___ Material for this task

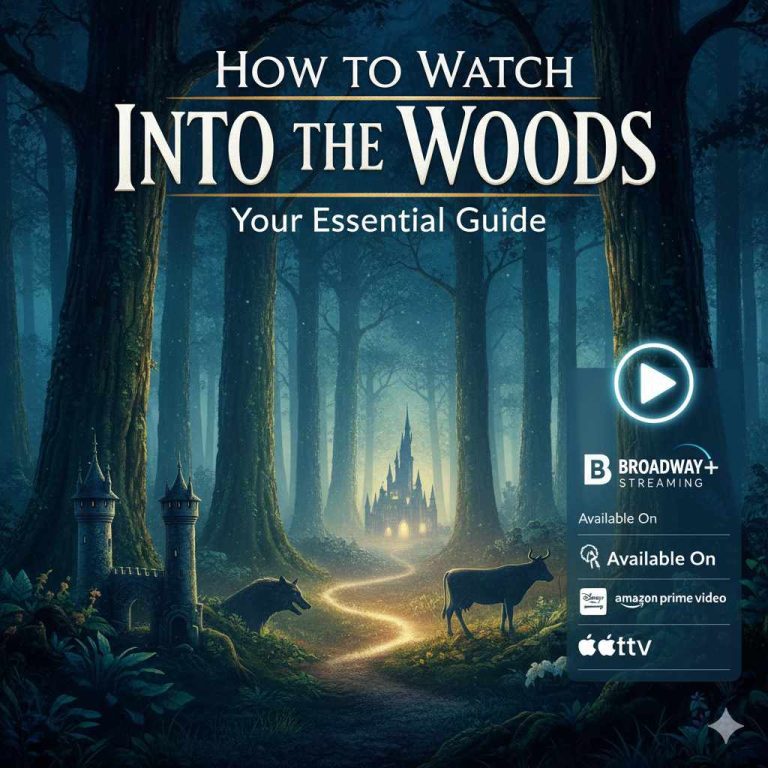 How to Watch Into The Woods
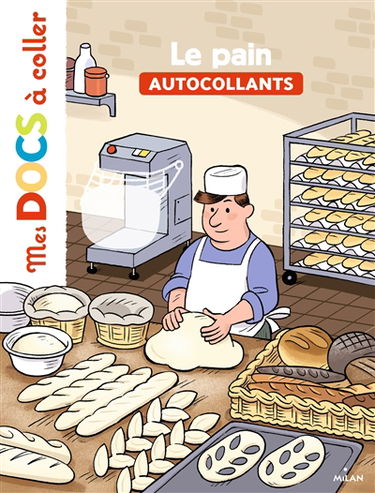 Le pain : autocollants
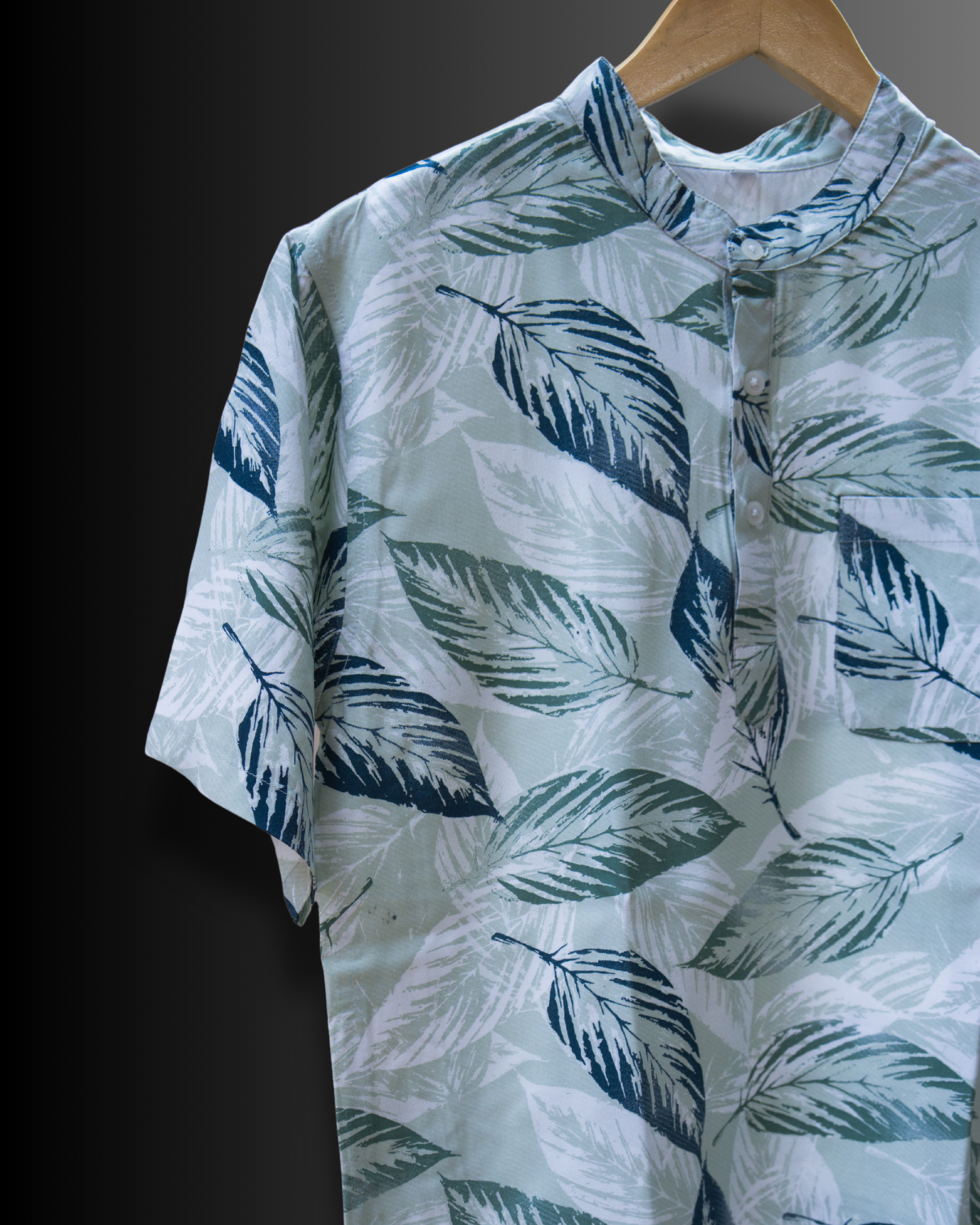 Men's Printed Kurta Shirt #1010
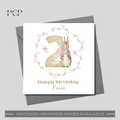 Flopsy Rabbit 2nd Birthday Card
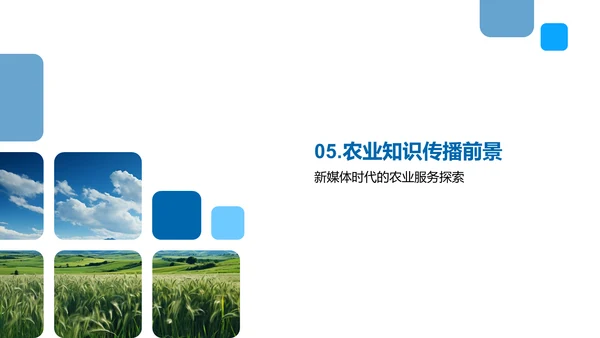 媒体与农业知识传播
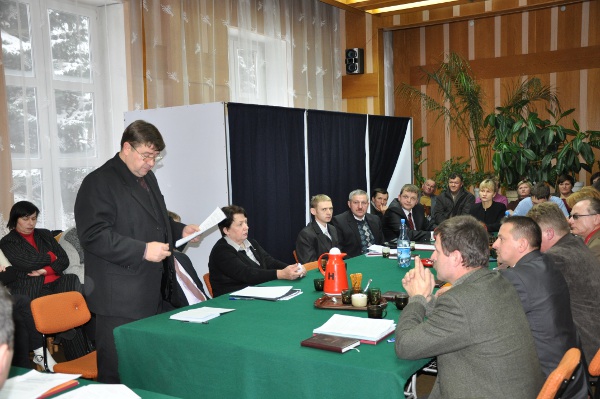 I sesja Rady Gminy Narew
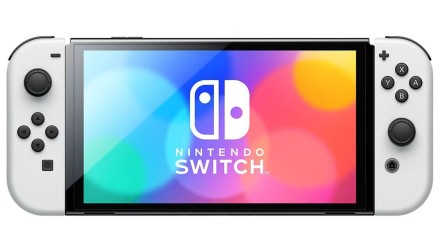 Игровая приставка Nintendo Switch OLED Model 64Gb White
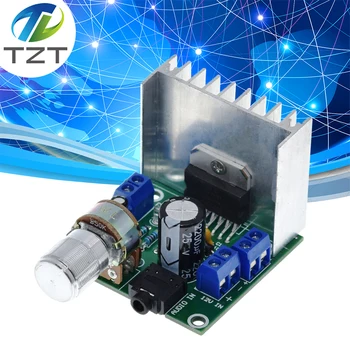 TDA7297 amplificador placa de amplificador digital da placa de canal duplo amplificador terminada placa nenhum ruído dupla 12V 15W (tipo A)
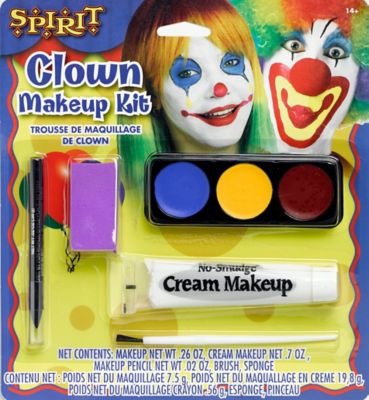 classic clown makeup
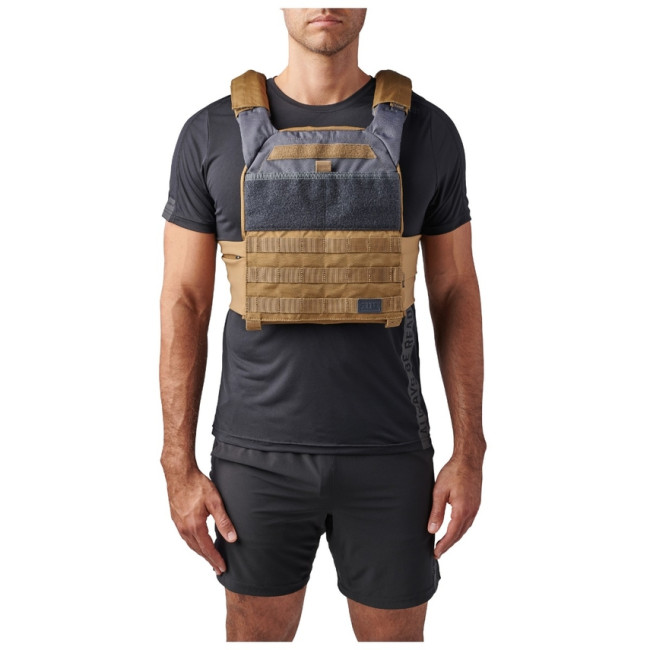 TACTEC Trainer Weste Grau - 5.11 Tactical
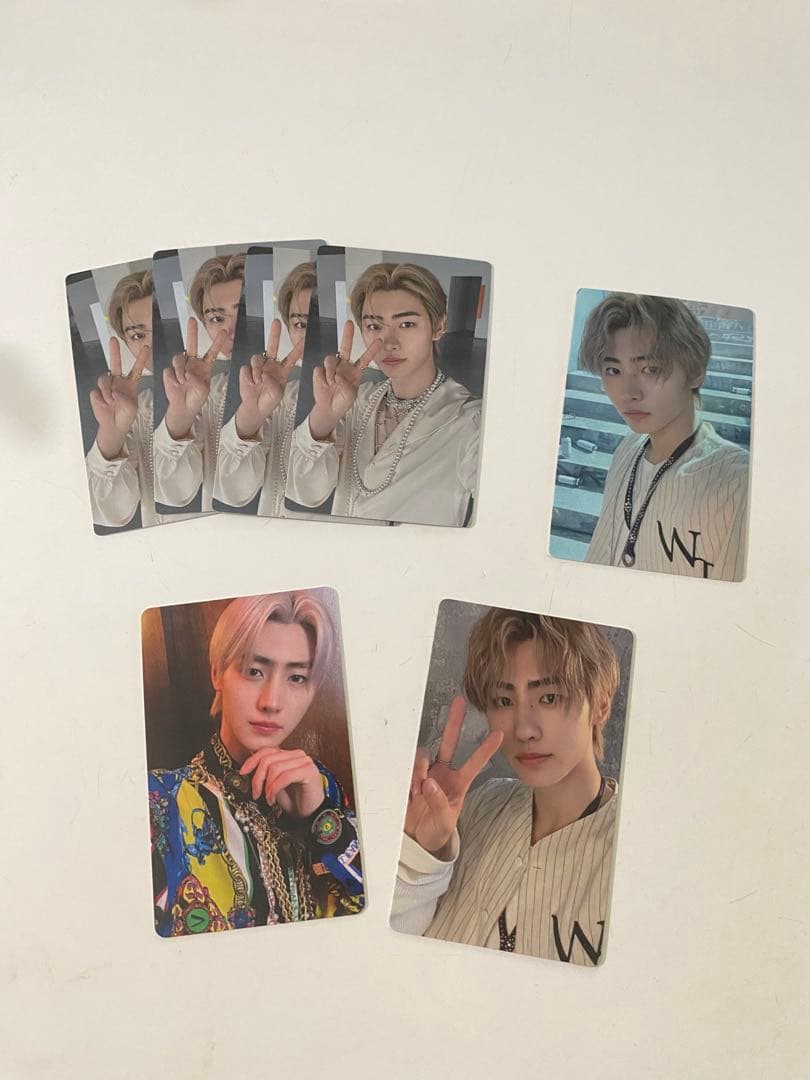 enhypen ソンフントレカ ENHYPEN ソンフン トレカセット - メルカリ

______

**Requirement:**
Could you reproduce every entry exactly, leaving out the pictures?

**Your solution:**
 How to Watch Into The Woods
 Le pain : autocollants
 Men's Printed Kurta Shirt #1010
 Flopsy Rabbit 2nd Birthday Card
 媒体与农业知识传播
 I sesja Rady Gminy Narew
 Игровая приставка Nintendo Switch OLED Model 64Gb White
 TDA7297 amplificador placa de amplificador digital da placa de canal duplo amplificador terminada placa nenhum ruído dupla 12V 15W (tipo A)
 classic clown makeup
 TACTEC Trainer Weste Grau - 5.11 Tactical
 enhypen ソンフントレカ ENHYPEN ソンフン トレカセット - メルカリ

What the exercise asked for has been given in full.